Metro Weighs Budget Fixes
Wednesday, February 11, 2009
Metro is considering charging for parking at its lots and garages on weekends and holidays to help close the agency's budget gap, officials said yesterday.
Metro General Manager John B. Catoe Jr. said he is following up on a rider's suggestion from an online chat Friday. That doesn't mean Metro will do away with free parking, Catoe cautioned. "I want to be clear. I will look at this because it was recommended by the public, but I can't say whether I'm going to recommend it to the board."
Transit agency officials are looking for ways to address a budget deficit of $154 million in next year's $1.3 billion operating budget, or about 12 percent. Catoe has said he will cut $81 million by eliminating 313 positions -- about half of which are filled -- and trimming administrative costs.
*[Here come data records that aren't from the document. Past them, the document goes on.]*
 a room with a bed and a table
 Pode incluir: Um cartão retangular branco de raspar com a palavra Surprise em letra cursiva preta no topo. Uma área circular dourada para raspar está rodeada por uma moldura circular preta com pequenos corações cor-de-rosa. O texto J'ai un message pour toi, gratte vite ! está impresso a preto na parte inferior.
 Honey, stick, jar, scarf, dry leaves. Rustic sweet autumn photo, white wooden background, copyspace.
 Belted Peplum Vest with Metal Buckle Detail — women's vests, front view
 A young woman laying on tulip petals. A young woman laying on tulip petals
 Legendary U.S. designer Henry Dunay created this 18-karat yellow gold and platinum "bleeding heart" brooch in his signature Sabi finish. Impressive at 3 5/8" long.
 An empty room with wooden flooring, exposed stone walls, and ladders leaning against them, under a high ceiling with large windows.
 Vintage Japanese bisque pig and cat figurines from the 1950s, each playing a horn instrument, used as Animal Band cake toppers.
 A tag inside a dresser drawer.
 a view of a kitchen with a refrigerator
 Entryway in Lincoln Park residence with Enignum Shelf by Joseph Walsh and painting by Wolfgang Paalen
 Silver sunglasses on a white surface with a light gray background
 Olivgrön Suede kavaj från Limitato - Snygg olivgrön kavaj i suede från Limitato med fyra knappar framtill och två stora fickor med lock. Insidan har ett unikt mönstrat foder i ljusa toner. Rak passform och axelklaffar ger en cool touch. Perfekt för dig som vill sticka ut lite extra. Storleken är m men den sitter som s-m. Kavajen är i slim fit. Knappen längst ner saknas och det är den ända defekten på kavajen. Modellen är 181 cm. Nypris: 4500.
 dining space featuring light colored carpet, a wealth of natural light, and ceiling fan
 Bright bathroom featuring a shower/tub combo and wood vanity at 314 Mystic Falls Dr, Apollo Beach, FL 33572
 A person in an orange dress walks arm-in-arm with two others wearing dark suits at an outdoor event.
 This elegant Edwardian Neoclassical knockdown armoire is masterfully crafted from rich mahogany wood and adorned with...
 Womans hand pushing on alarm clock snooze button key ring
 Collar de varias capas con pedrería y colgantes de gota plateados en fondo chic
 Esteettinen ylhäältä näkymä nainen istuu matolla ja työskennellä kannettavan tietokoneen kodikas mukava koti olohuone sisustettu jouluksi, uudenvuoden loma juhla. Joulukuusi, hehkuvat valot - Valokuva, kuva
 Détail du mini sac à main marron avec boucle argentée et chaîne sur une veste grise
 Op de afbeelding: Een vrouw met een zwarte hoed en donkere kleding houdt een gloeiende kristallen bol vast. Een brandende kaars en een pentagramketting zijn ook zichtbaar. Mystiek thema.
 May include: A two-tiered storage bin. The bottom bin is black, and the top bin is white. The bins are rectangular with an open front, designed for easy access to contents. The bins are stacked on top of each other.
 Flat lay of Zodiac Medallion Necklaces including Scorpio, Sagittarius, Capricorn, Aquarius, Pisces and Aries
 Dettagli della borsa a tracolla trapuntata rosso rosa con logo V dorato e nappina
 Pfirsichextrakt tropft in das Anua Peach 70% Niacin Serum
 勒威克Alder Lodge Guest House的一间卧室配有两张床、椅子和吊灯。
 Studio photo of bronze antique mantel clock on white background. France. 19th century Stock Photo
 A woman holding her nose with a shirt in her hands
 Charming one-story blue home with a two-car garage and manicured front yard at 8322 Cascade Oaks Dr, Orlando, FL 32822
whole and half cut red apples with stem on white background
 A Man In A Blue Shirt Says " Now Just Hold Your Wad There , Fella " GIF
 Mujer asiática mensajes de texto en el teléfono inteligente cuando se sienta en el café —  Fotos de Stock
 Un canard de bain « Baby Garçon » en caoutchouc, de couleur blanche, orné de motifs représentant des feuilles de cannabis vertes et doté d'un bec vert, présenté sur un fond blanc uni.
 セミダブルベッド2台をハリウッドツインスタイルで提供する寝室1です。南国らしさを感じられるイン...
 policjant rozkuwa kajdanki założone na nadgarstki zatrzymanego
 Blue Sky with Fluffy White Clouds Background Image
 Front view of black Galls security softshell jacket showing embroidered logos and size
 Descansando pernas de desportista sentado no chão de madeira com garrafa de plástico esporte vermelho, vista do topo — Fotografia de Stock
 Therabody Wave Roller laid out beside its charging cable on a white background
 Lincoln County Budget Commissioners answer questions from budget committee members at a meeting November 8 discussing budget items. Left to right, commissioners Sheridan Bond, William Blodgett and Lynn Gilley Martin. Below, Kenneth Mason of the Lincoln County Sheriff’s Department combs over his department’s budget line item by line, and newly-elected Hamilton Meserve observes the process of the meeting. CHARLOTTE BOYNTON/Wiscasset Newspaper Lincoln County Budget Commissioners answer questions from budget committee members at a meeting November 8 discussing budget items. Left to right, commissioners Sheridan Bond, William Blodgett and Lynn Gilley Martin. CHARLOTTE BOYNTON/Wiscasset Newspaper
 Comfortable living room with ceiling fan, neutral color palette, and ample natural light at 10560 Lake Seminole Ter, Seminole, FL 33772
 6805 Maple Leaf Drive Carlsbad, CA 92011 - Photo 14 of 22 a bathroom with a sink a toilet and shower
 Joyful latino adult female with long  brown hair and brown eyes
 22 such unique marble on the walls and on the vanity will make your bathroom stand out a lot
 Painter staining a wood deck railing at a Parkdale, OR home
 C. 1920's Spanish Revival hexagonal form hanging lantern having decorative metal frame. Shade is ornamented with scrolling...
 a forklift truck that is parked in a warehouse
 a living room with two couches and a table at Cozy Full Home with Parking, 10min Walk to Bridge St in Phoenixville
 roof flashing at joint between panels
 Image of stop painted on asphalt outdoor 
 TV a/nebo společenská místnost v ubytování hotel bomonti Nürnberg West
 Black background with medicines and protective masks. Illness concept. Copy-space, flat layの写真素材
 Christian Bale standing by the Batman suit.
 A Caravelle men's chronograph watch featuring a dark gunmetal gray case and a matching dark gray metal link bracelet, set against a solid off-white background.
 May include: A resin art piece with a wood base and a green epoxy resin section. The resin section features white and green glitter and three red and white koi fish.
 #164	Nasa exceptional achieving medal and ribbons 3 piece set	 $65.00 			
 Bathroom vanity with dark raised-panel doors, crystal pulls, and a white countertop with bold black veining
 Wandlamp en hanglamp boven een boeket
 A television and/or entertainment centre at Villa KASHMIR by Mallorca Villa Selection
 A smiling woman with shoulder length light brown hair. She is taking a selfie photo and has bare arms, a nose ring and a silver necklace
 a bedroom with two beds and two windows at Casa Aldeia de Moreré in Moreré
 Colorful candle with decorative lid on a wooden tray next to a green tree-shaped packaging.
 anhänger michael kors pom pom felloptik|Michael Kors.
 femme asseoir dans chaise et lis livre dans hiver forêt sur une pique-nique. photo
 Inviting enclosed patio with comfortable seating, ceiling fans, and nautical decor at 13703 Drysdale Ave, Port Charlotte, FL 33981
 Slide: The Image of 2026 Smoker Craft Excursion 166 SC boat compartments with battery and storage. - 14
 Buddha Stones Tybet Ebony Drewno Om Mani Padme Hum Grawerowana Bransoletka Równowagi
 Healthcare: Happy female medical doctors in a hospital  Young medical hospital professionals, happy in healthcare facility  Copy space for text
Unless the jurisdictions served by Metro provide additional subsidies or the agency is able to generate more revenue or find other administrative cuts, officials have said they will have to consider service reductions or other measures to come up with the remaining $73 million.
At the request of the Metro board, a regional advisory group representing the jurisdictions served by Metro has discussed service cuts. The cuts include minor measures such as weekend closings of some station entrances at stops that have more than one. They also include drastic measures such as closing the system at 10 p.m. daily and eliminating Yellow Line service weeknights after 9:30 and on weekends.
The drastic measures were included to spur more candid discussions about fare increases and expense cuts, according to advisory group representatives.
No recommendations have been made, but riders are worried.
"Among unpleasant options, imposing weekend parking fees at Metrorail lots is sure a lot better than service cuts or fare increases," said Jack Corbett, co-founder of MetroRiders.org, a user group. Corbett said the group believes that increased contributions from the sponsoring jurisdictions is the best way to address the budget gap. "Riders' fares were hugely increased last year," he said. "Now it's time for the governments to pony up more."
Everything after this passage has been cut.